As pleasant as motion and animations are, there are some downsides to consider. While browser support is better than ever, it is still early in the implementation and (as always) not all browsers handle the code the same way. If the user has an outdated browser or bad connection, the animation can be jumpy or not work at all, which results in a bad experience. The animations are not free and add additional weight and data usage to the product, which can often have the developers rolling their eyes.
Performance is key, and it’s important to always offer a fall back. Designers need to be aware of technical limitations and collaborate with developers so the site performs efficiently, always.
The purpose of the animations should be clearly defined before being added to a product, and carefully placed. When animations are over-used, they get in the user’s way and make it more difficult to accomplish a task. Certain animations might be nice the first time, but become annoying when used too frequently. Provide feedback without being over-whelming, and direct the user’s attention.
Another thing to keep in mind is that time is experienced subjectively. Animations progressing from slow-to-fast are perceived as lagging and give the impression of a slow product. User feedback should be provided quickly. The faster progress is shown, the quicker the user is engaged.

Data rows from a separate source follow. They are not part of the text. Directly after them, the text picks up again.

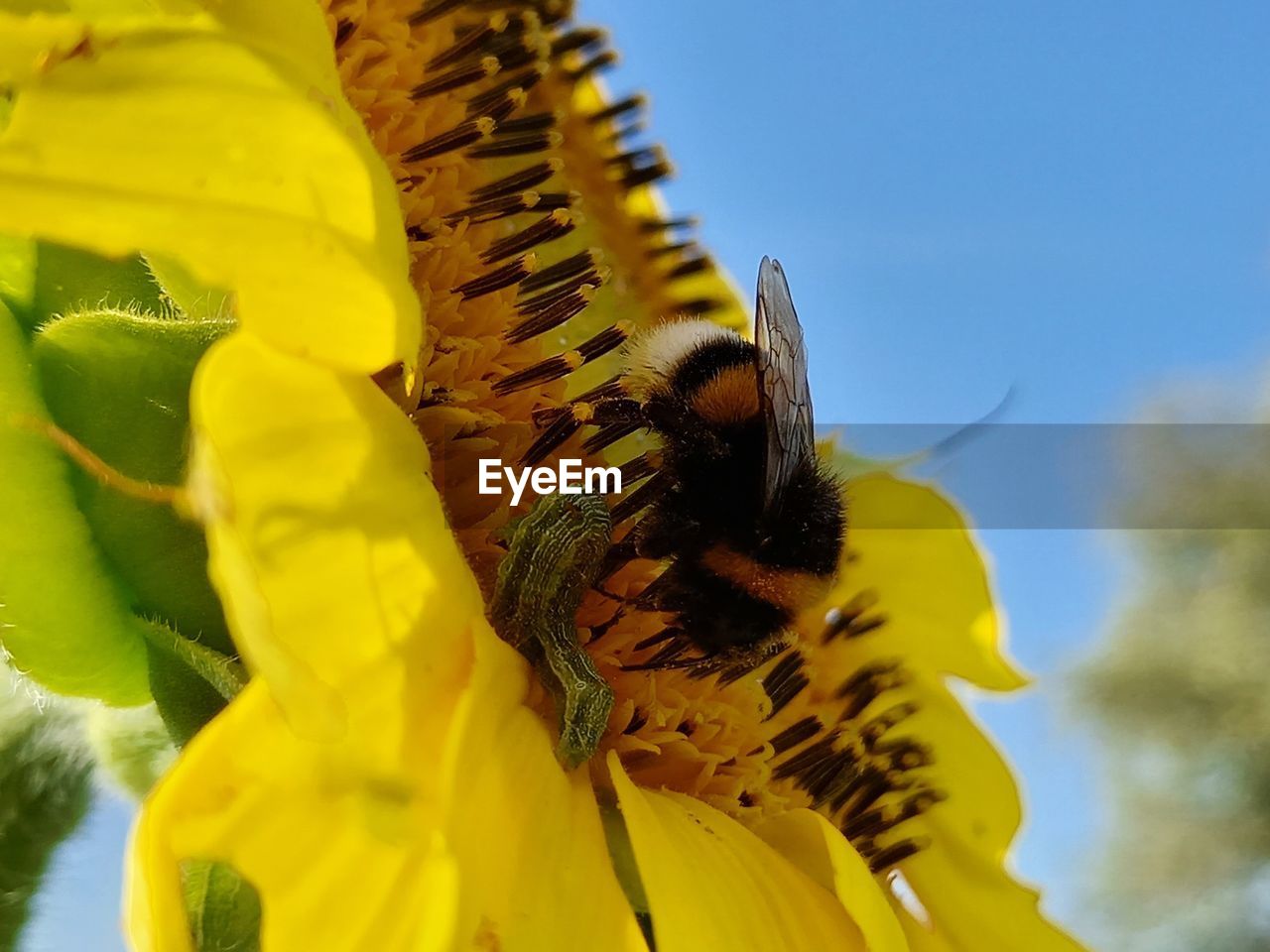 CLOSE-UP OF BEE ON SUNFLOWER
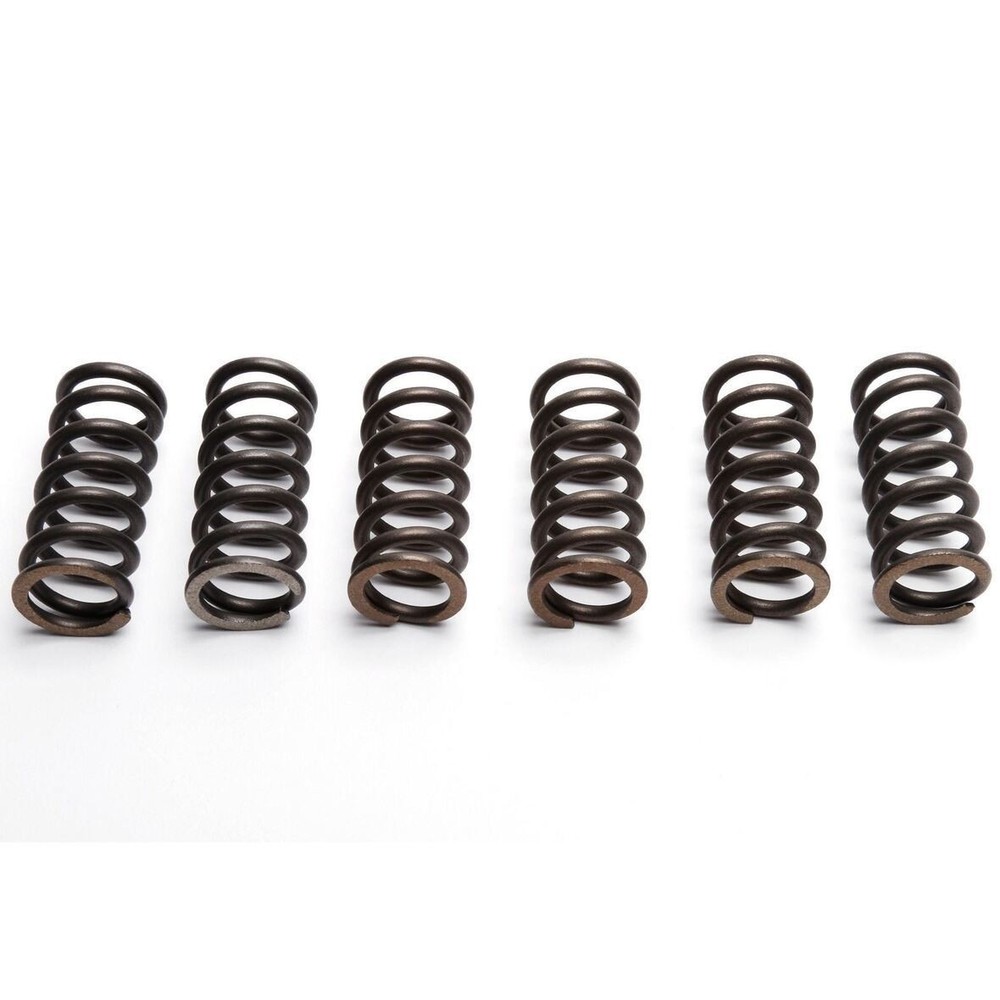 EBC Clutch Spring Set (6 PCS) - CSK120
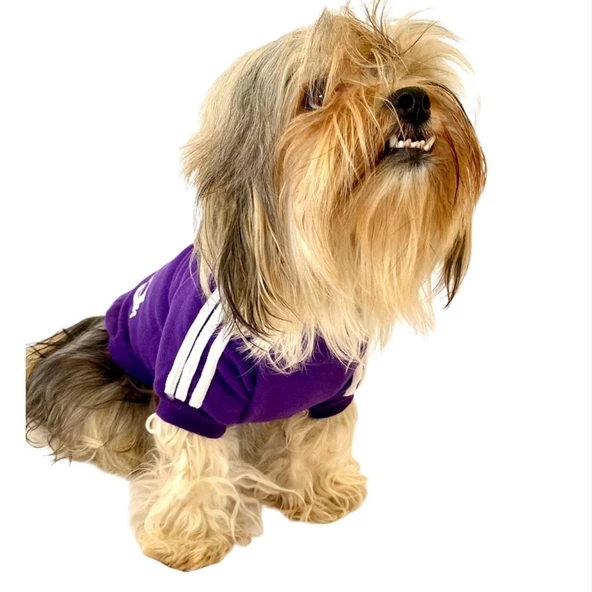 Mor Adidog Kapşonlu Köpek Sweatshirt Köpek Kazağı - 7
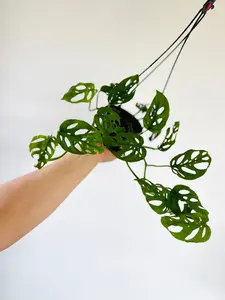 Monstera Adansonii sp. Laniata ‘Double Windows’ - Vining - Rare Aroid - 4" Hanging Basket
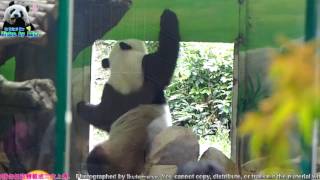 20170506 圓仔出門Yes or No的猶豫 The Giant Panda Yuan Zai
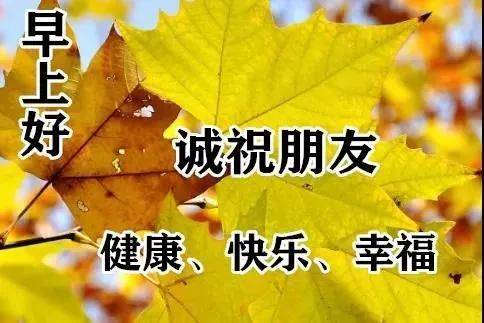 寒冬到了早上好动图表情包 天气变冷的早上好图片大全带字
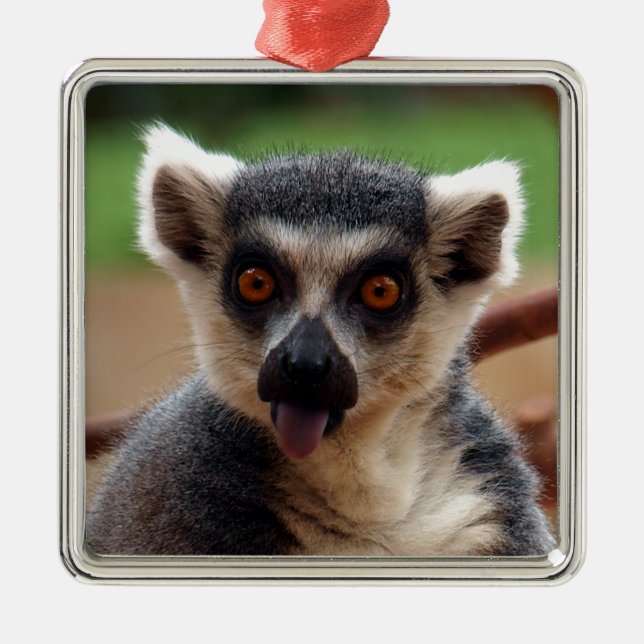 Lemur Metal Tree Decoration (Front)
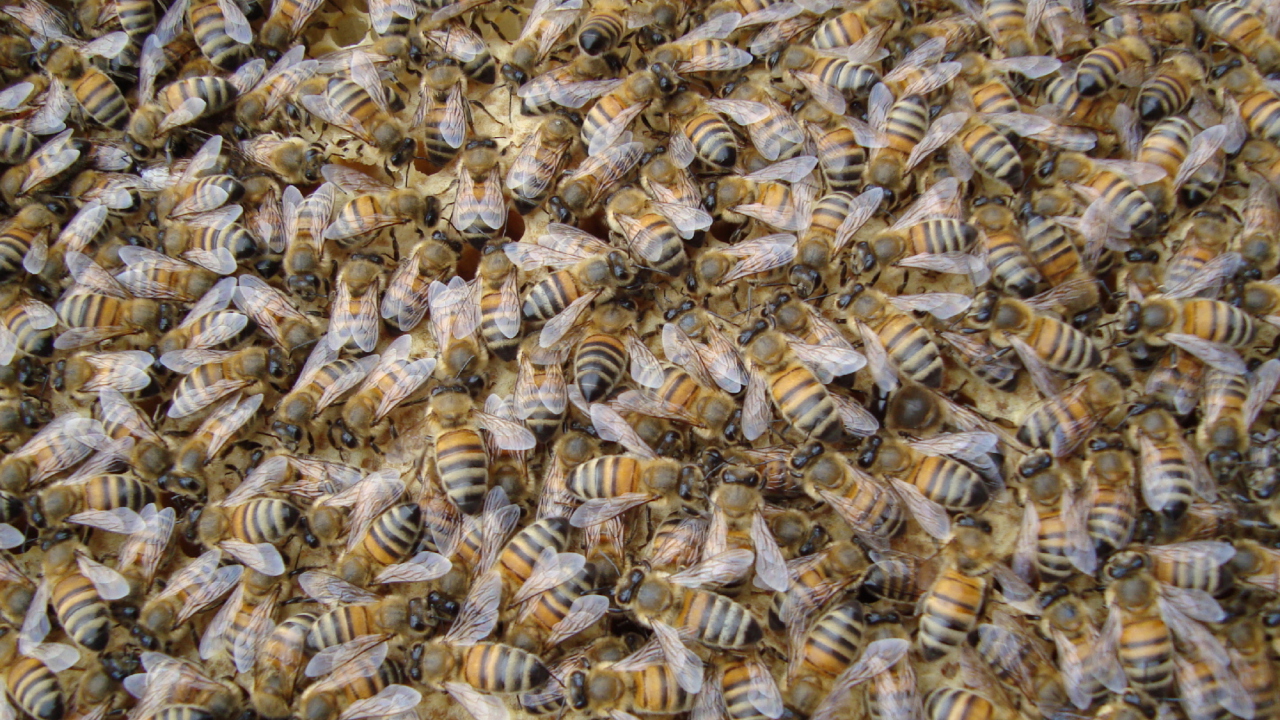 Bees wallpaper 1280x720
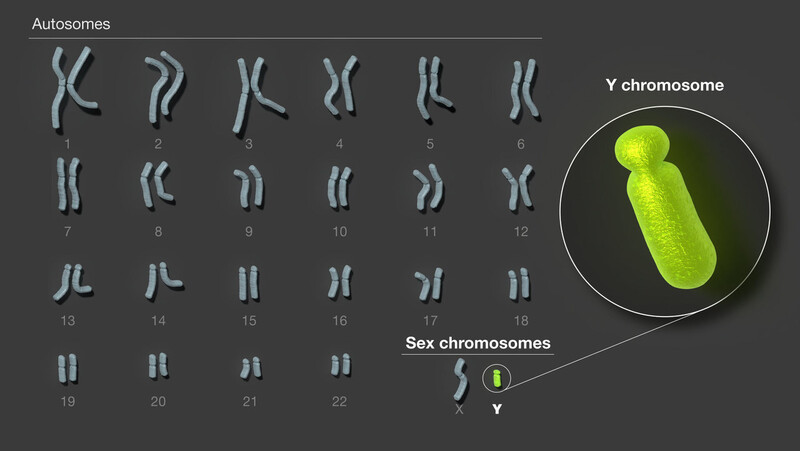 Y 염색체는 23쌍의 염색체 중에서 크기가 가장 작다. 미 국립보건원 제공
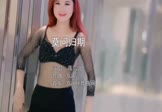 Avi-mp4-莫问归期-蒋雪儿-DJAj-车载美女跳舞视频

When Abraham Lincoln gave the Gettysburg Address his goal was to unite two opposing sides to drop their weapons and join forces, which is often the state of designers and developers when it comes to interaction animations. By working together we can implement motion into user interfaces that improves upon the humanities of the product, yet does not sacrifice performance. So that a better web by the people, for the people, shall not perish from this earth. In short, when done properly, sophisticated UI animation is, in my opinion, the future of web and product design interactions.